MM) And yet, you make yourself pretty accessible online and seem to be a magnet for controversy.

 

JN) Well Manuel I don’t write books to exist in a vacuum with a bottle of Jergens® and a Tenga. I love interacting with people on Twitter! Twitter is the only form of social media I engage with, so when someone rejects my love, either due to supreme ignorance, stupidity, or perhaps because they don’t want love, it throws me off. So I get emotional – blame my Latin roots. The controversy, I don’t get at all. Someone recently publicly called me a racist on Twitter, one of your followers, one of my former followers, a person appearing in Expat 4, of all things. Family troubles! They prolly didn’t realize the man who infected me with HIV is black, bruh. And yeah, I can be friends with all kinds of people, likely due to the traveling circus family I was raised in.
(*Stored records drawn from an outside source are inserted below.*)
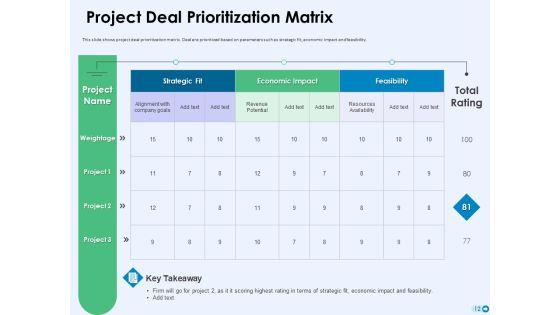 Tools_For_Prioritization_Ppt_PowerPoint_Presentation_Complete_Deck_With_Slides_Slide_12.jpg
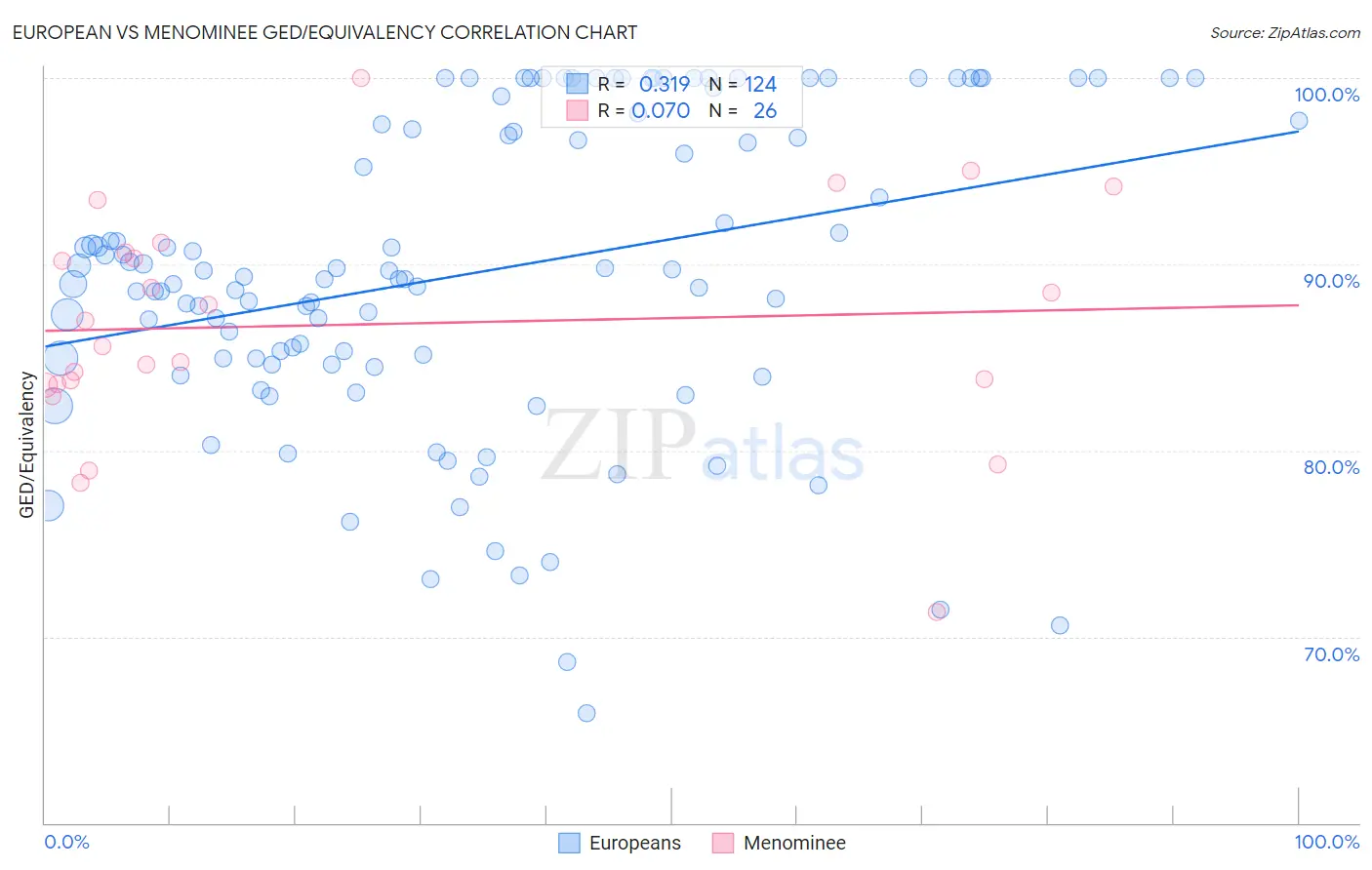 European vs Menominee GED/Equivalency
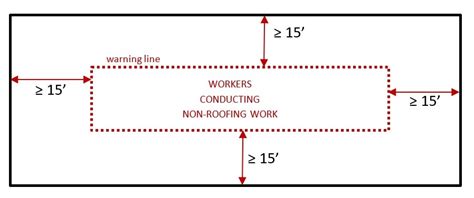 Warning Line Systems In Construction A Safety Guide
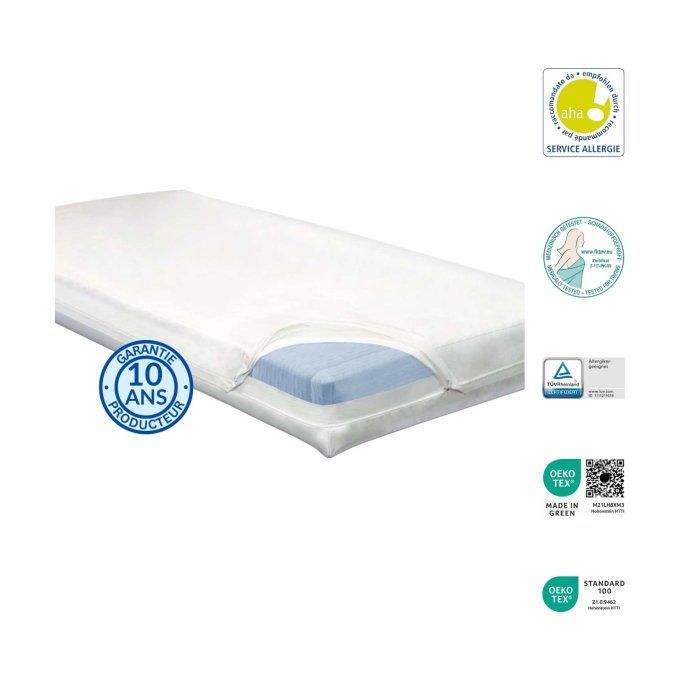Housse anti-acariens pour matelas Softsan® Protect Plus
I’m a gay man, yet I can be friends with people who question gay existence, trans existence, etc. Another person, a trans person, publicly called me a hypocrite. Hypocrite how, for wanting to bring all kinds of different people together? Sit on your two inch dick and go fuck yourself. One thing I have found, which is very troubling, is that many young people today are very narrow-minded, they don’t understand how challenging it is to be queer, HIV positive, a minority, blah blah blah. Seems counterintuitive, but there it is. Open your windows and let reality in – the world is filled with many different kinds of people, not just a mirrored room full of yous.        

 

MM) Well, now that I’ve coddled you, allow me to take you to task. Rejected by the big leagues and laundering it as a creative decision, I see. Some might call you eccentric, shameless even, in your endless campaign to toot your own horn. How do you respond to charges that you lay it on too thick when it comes to self-promotion? Is the cost of being a genius a penchant for being unpredictable and alienating? What is the cost of being a genius, in your view?

 

JN) Damn, Manny. Well to quote the late great David Letterman, if I could toot my own horn, I’d likely never leave the house. Lay it on too thick? I’m only on Twitter man, that’s all. Some of these so-called ‘indie’ motherfuckers have an agent, I don’t have shit, I’ve got a four inch dick and an ancient laptop, who fucking cares. If you don’t like the miniskirt I’m raising, drive to the next fucking corner. But yeah, being overly-intelligent can give rise to unpredictable and alienating behavior. I hear I’m not very popular in Canada.  

 

MM) You have a very playful spirit online, and careful followers likely notice your avatar changes almost daily. Why the constant change?

 

JN) Well when I was young, I was very beautiful, Manuel. I’m not young anymore, so, you know – I’ve basically become Norma Desmond. Plus I like fucking with peoples’ expectations. He’s this, so he should look like this. He writes like this, so he should – I guess the simplest answer is I get bored easily. And I like being different people. Being a writer allows one the luxury of wearing different skins. It’s fun.   

 

MM) The Moon Down to Earth has a musicality to it that is rare in modern novels. Is music really that important to you?

 

JN) Music is everything. Music is more important to me than writing. If I could be anything, I’d be a musician, a keyboardist. Jace Jason, one of the main characters in Moon, is a keyboardist. I know a lot of technical things about music, but that doesn’t make one a musician. I know all the ingredients in ice cream, that doesn’t mean I know how to make it.  

 

MM) This is a trippy book. I thought it was uncanny how earlier in the year I compared it to Sleep’s Dopesmoker and you made the connection. You’ve also referred to this as your “cannabis novel.” Do you smoke dope to write? Elaborate on what you mean by your “cannabis novel.”

 

JN) I don’t smoke dope before I write – you’re kidding, right? I can barely string a simple sentence together when I’m stoned. Doorknob… must… turn. I have to be stone cold sober to perform the narrative acrobatics I perform. What I meant by “this is my cannabis novel” is The Moon Down to Earth is a multilayered narrative with many facets, some of which are hidden, like buried treasure, underneath the seemingly smooth-as-ball-bearings surface. What I’m saying is, if you happen to smoke cannabis – and not everyone does, and that’s ok – I’d suggest smoking or partaking of an edible or three before reading The Moon Down to Earth, it will allow your transmitter reuptake and feedback functions to see things I have hidden for you, the loving reader, whom I love and care for very much. I can be a joker, sure, but at the end of all this, The Moon Down to Earth is a psychotropic love letter to my readers. It’s a fun book. It’s a dark book. It’s fucking weird, with weird body-horror shit going on. I just want my readers to enjoy reading what is, essentially, a very disturbing novel. Cannabis will help bevel the shock, allow the music to rise more fully to the surface. Think of Moon as a 24-track studio for your mind.   

 

MM) You’ve often said every book you’ve written was “about someone I loved who didn’t know how to love me back.” What do you mean by that?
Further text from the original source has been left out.